■ Data provided
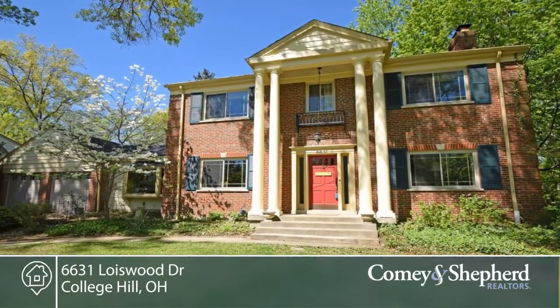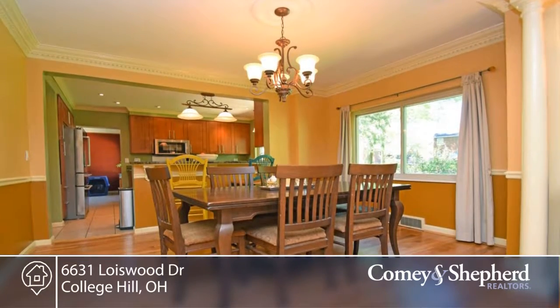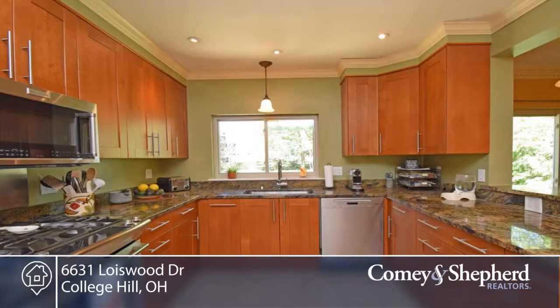This beautiful colonial three-bedroom, one-bath home is situated on a lovely corner lot with a wonderful updated kitchen that includes stainless appliances and granite countertops.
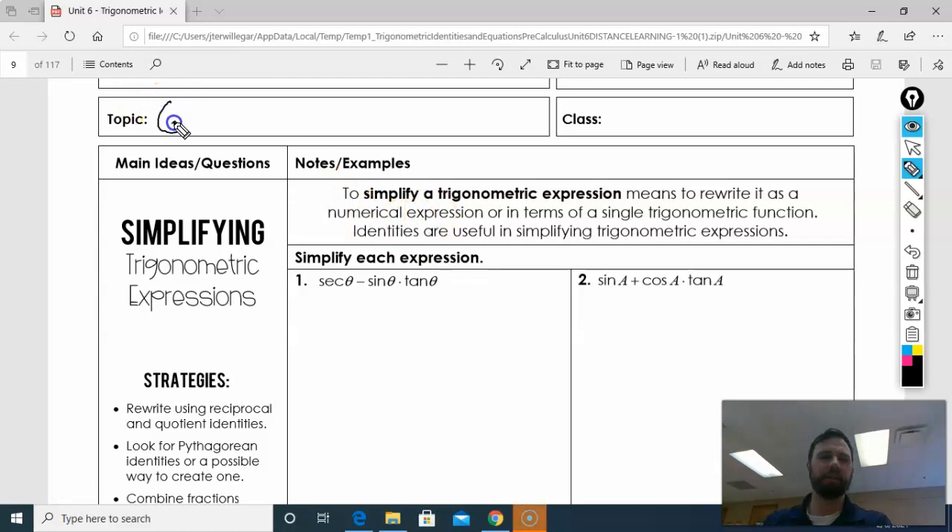Hey y'all. Today we're going to be looking at 6.1b, simplifying trigonometric ratios. So what we're going to do is we're going to use our theorems that we learned yesterday, and we are going to apply them to simplify trig functions.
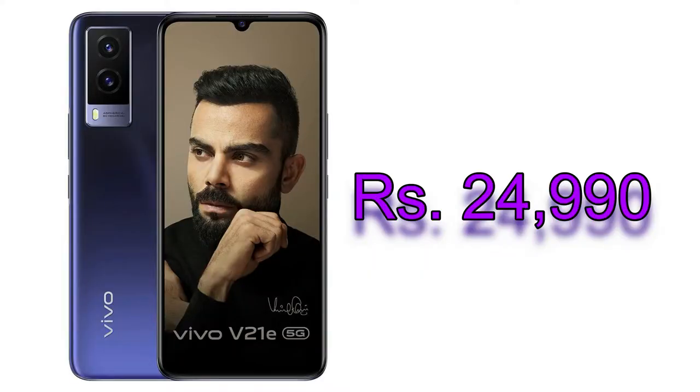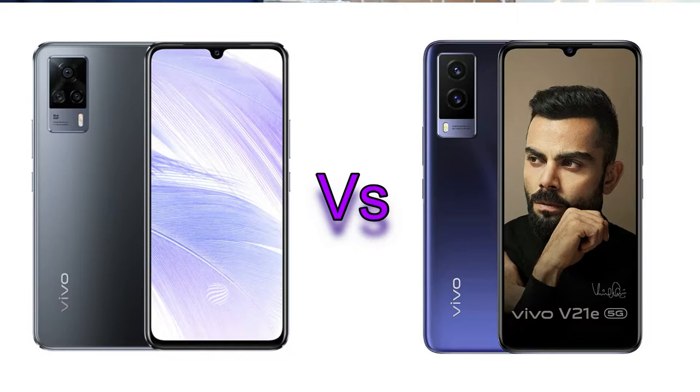Those are all the specs and features of the upcoming Vivo V21e smartphone. Now moving on to the comparison between the Vivo V21 and the Vivo V21e — there are five to six major differences. Let's start with the first one.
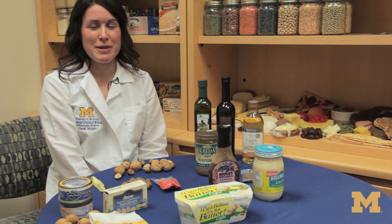Hello, my name is Sarah Myers. I'm a registered dietitian here at the University of Michigan Health System.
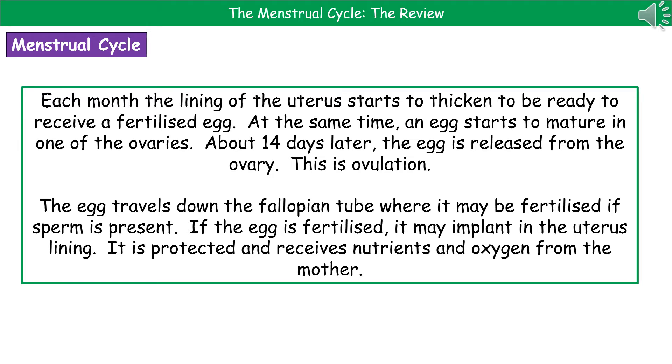What we find happening in the menstrual cycle is that each month the lining of the uterus starts to thicken. The whole purpose behind that is to be ready just in case an egg is fertilised — ready to receive it and provide the environment it needs to develop. At the same time, an egg starts to mature in one of the ovaries. About 14 days after the egg has started to mature, it gets released from the ovary. The point at which the egg is released is called ovulation. The egg then travels down the fallopian tube, where if sperm is present, it will potentially be fertilised.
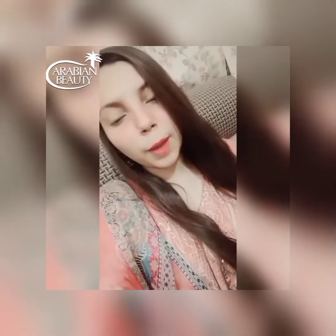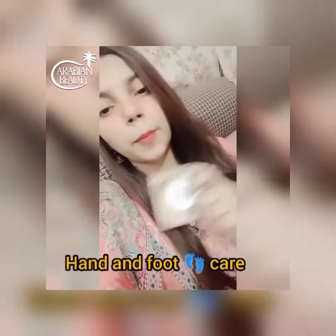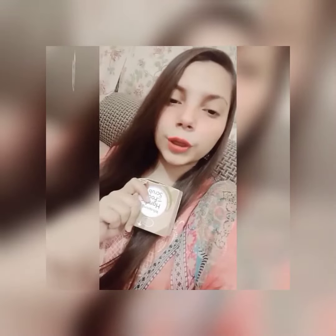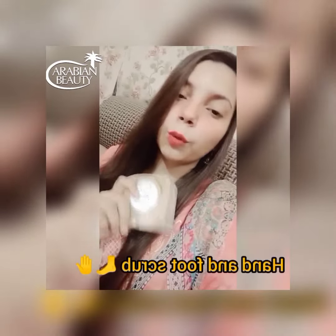The next thing I am going to tell you about is for your hands and shoulders. I am using a daily basis hand and foot scrub — this is Ribbon Beauty. I use it on a daily basis and wash it in the morning, so it gives the best results.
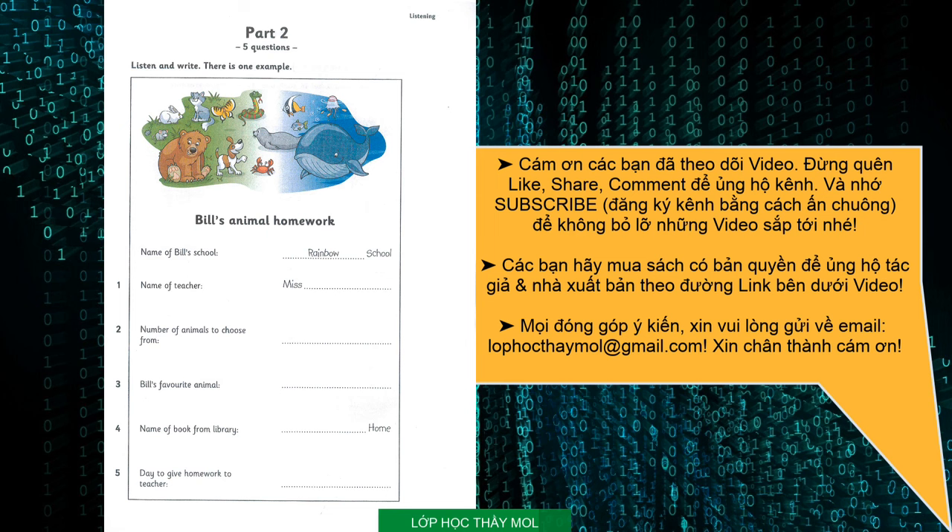5. Have you got to do this homework tonight? No. We have to give it to the teacher on Friday. No, sorry, I meant Monday. Monday. So, are you busy tonight? No. Why? Shall we go out for a pizza? Yes, please, Uncle Jack.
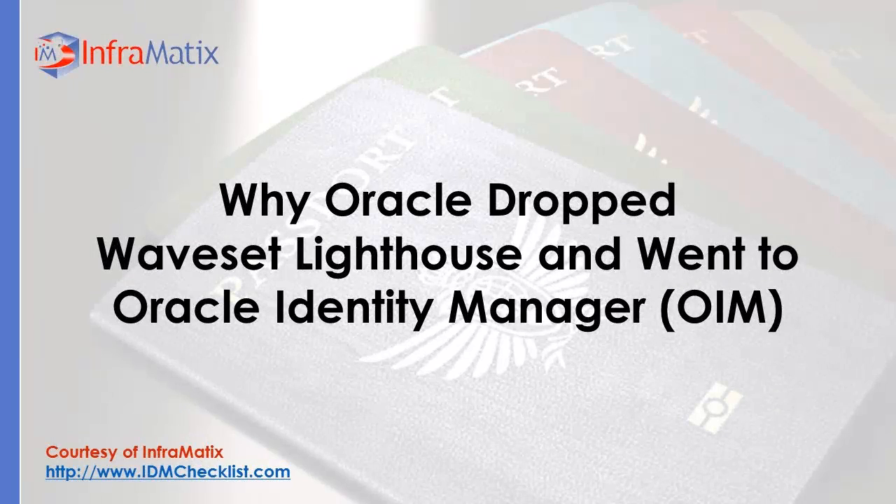Why Oracle dropped Waveset Lighthouse and went to Oracle Identity Manager, or OIM. Courtesy of idmchecklist.com from Informatics.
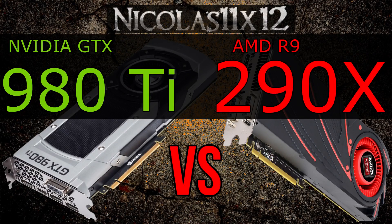Welcome to the Niklas 11x12 technology. Today I'm comparing NVIDIA's GTX 980 Ti with AMD's R9 290X graphics card.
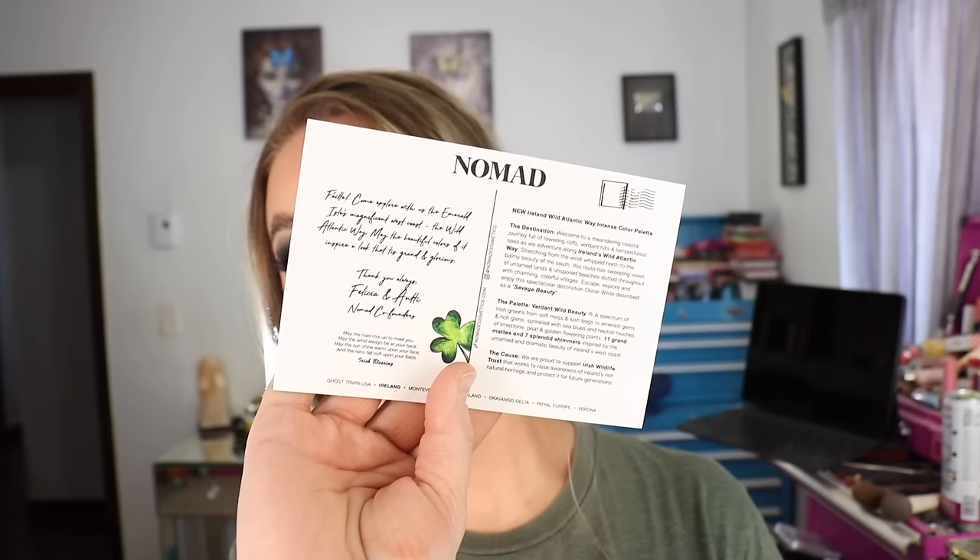Lastly I got a PR package from one of my favorite favorite indie brands — Nomad Cosmetics. They are launching the new Ireland Wild Atlantic Way eyeshadow palette, which is the palette I have on my eyes today. Each palette has its own postcard-style card inside which is super collectible. It says: New Ireland Wild Atlantic Way intense color palette. The destination: welcome to a meandering coastal journey full of towering cliffs, verdant hills, and tempestuous seas as we adventure along Ireland's Wild Atlantic Way.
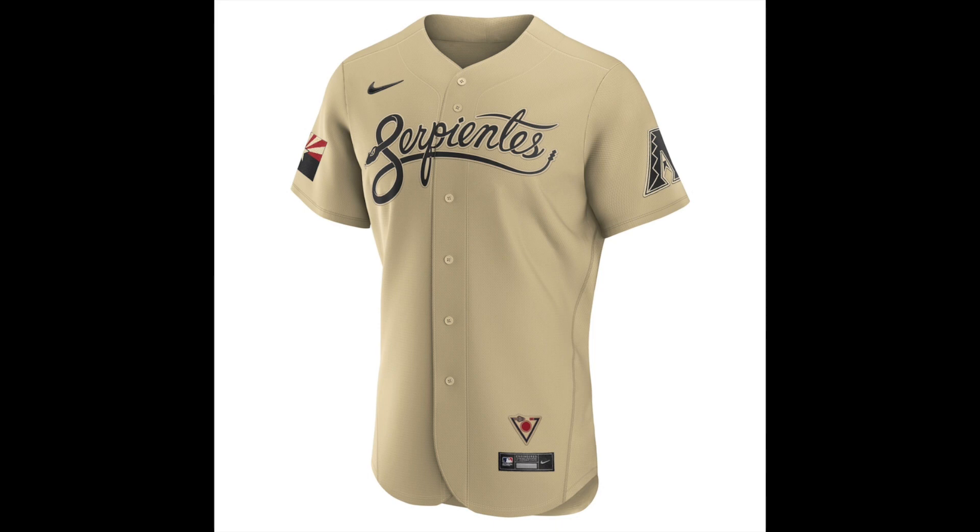I don't know why, but I really like how the Diamondbacks went about their jersey. The desert sand color of the uniform and the recolored black logos just make for a unique design. But I think the best part about it all is that it gave Diamondbacks fans something to look forward to this year.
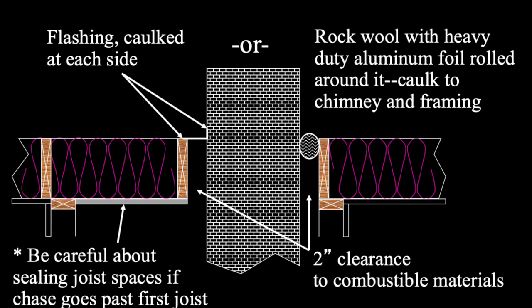Rock wool insulation is fireproof and legal to tuck around the chimney. There can be a huge gap there that you just kind of miss — it has to be there in a certain sense, but it doesn't have to be wide open.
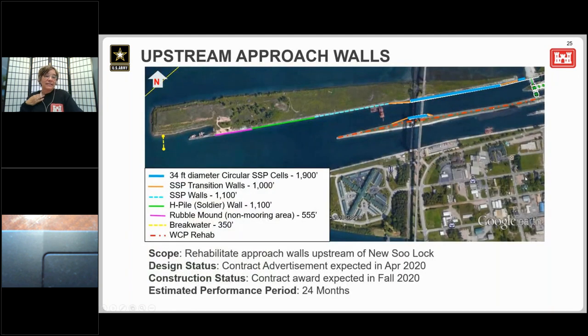The second phase of the project is the rehabilitation of the upstream approach walls. The approach walls are being rehabilitated using several different methods: installing about 1,800 linear feet of 34-foot diameter steel sheet piles shown in blue; 1,000 feet of steel sheet pile transition walls shown in orange; 1,000 feet of steel sheet pile-faced wall shown in blue dashed line; and 1,100 linear feet of concrete-faced H-pile wall shown in green. This design is complete and already advertised. We're currently in source selection and looking at this being awarded before the end of the fiscal year.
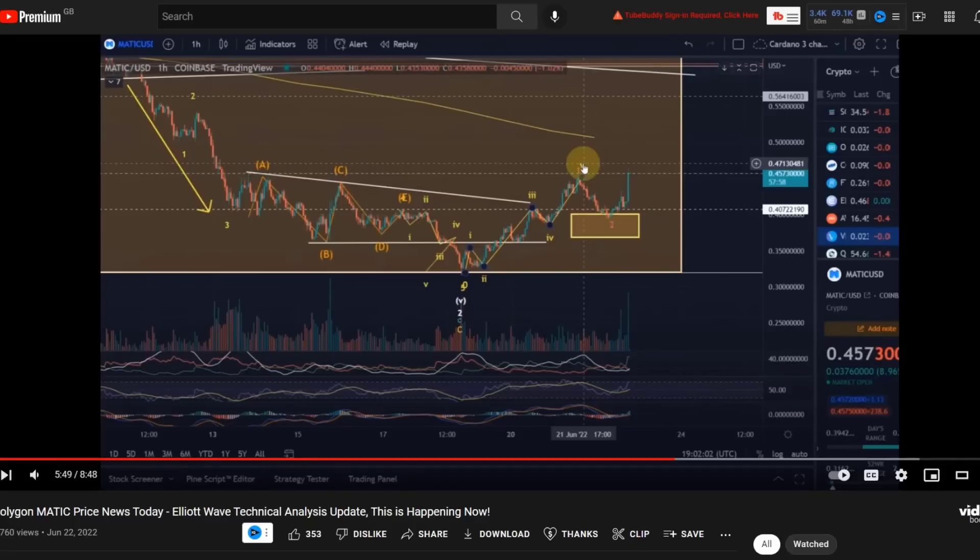Hello and welcome to another update video about Polygon Matic. Highly interesting what is currently going on with Matic — it did pump quite a bit, and maybe it is pre-empting already what is going to happen with Bitcoin and Ethereum. To put it into context, let me show you first what I said two days ago about Matic before the pump, and then we can take a look at the latest TA.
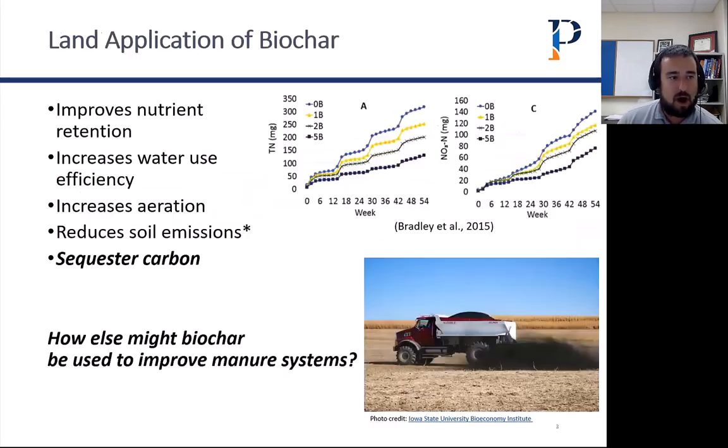Biochar has been around for quite a while and it's been primarily used as a soil amendment, applied to a lot of different types of soils and production systems. The conclusions from a lot of the research out there is that it's been shown to help improve nutrient retention. This is a study done by a graduate student in my old lab at UW-Madison with Becky Larson, which found that soils amended with biochar that received manure application showed significant reductions in total nitrogen leaching and nitrate leaching. It's also been found to increase water use efficiency in sandier soils and increase aeration, nitrogen, and porosity in more clay soils.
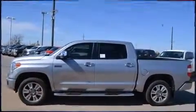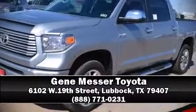Our sales staff will help you find the vehicle you've been searching for. Come on in and take a test drive.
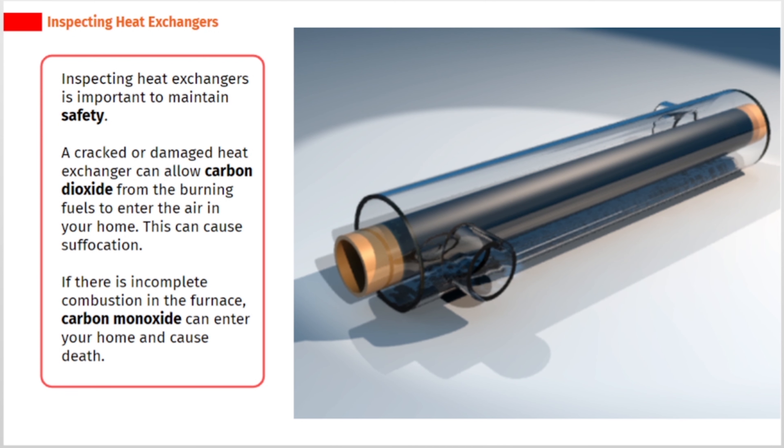Inspecting heat exchangers is important to maintain safety. A cracked or damaged heat exchanger can allow carbon dioxide from the burning fuels to enter the air in your home. This can cause suffocation.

■ Instructions for the task
Everything in the material above is to be reproduced exactly, pictures aside.

■ Problem solution
This beautiful colonial three-bedroom, one-bath home is situated on a lovely corner lot with a wonderful updated kitchen that includes stainless appliances and granite countertops.
Hey y'all. Today we're going to be looking at 6.1b, simplifying trigonometric ratios. So what we're going to do is we're going to use our theorems that we learned yesterday, and we are going to apply them to simplify trig functions.
Those are all the specs and features of the upcoming Vivo V21e smartphone. Now moving on to the comparison between the Vivo V21 and the Vivo V21e — there are five to six major differences. Let's start with the first one.
Hello, my name is Sarah Myers. I'm a registered dietitian here at the University of Michigan Health System.
What we find happening in the menstrual cycle is that each month the lining of the uterus starts to thicken. The whole purpose behind that is to be ready just in case an egg is fertilised — ready to receive it and provide the environment it needs to develop. At the same time, an egg starts to mature in one of the ovaries. About 14 days after the egg has started to mature, it gets released from the ovary. The point at which the egg is released is called ovulation. The egg then travels down the fallopian tube, where if sperm is present, it will potentially be fertilised.
The next thing I am going to tell you about is for your hands and shoulders. I am using a daily basis hand and foot scrub — this is Ribbon Beauty. I use it on a daily basis and wash it in the morning, so it gives the best results.
5. Have you got to do this homework tonight? No. We have to give it to the teacher on Friday. No, sorry, I meant Monday. Monday. So, are you busy tonight? No. Why? Shall we go out for a pizza? Yes, please, Uncle Jack.
Why Oracle dropped Waveset Lighthouse and went to Oracle Identity Manager, or OIM. Courtesy of idmchecklist.com from Informatics.
Welcome to the Niklas 11x12 technology. Today I'm comparing NVIDIA's GTX 980 Ti with AMD's R9 290X graphics card.
Lastly I got a PR package from one of my favorite favorite indie brands — Nomad Cosmetics. They are launching the new Ireland Wild Atlantic Way eyeshadow palette, which is the palette I have on my eyes today. Each palette has its own postcard-style card inside which is super collectible. It says: New Ireland Wild Atlantic Way intense color palette. The destination: welcome to a meandering coastal journey full of towering cliffs, verdant hills, and tempestuous seas as we adventure along Ireland's Wild Atlantic Way.
I don't know why, but I really like how the Diamondbacks went about their jersey. The desert sand color of the uniform and the recolored black logos just make for a unique design. But I think the best part about it all is that it gave Diamondbacks fans something to look forward to this year.
Rock wool insulation is fireproof and legal to tuck around the chimney. There can be a huge gap there that you just kind of miss — it has to be there in a certain sense, but it doesn't have to be wide open.
The second phase of the project is the rehabilitation of the upstream approach walls. The approach walls are being rehabilitated using several different methods: installing about 1,800 linear feet of 34-foot diameter steel sheet piles shown in blue; 1,000 feet of steel sheet pile transition walls shown in orange; 1,000 feet of steel sheet pile-faced wall shown in blue dashed line; and 1,100 linear feet of concrete-faced H-pile wall shown in green. This design is complete and already advertised. We're currently in source selection and looking at this being awarded before the end of the fiscal year.
Hello and welcome to another update video about Polygon Matic. Highly interesting what is currently going on with Matic — it did pump quite a bit, and maybe it is pre-empting already what is going to happen with Bitcoin and Ethereum. To put it into context, let me show you first what I said two days ago about Matic before the pump, and then we can take a look at the latest TA.
Biochar has been around for quite a while and it's been primarily used as a soil amendment, applied to a lot of different types of soils and production systems. The conclusions from a lot of the research out there is that it's been shown to help improve nutrient retention. This is a study done by a graduate student in my old lab at UW-Madison with Becky Larson, which found that soils amended with biochar that received manure application showed significant reductions in total nitrogen leaching and nitrate leaching. It's also been found to increase water use efficiency in sandier soils and increase aeration, nitrogen, and porosity in more clay soils.
Our sales staff will help you find the vehicle you've been searching for. Come on in and take a test drive.
Inspecting heat exchangers is important to maintain safety. A cracked or damaged heat exchanger can allow carbon dioxide from the burning fuels to enter the air in your home. This can cause suffocation.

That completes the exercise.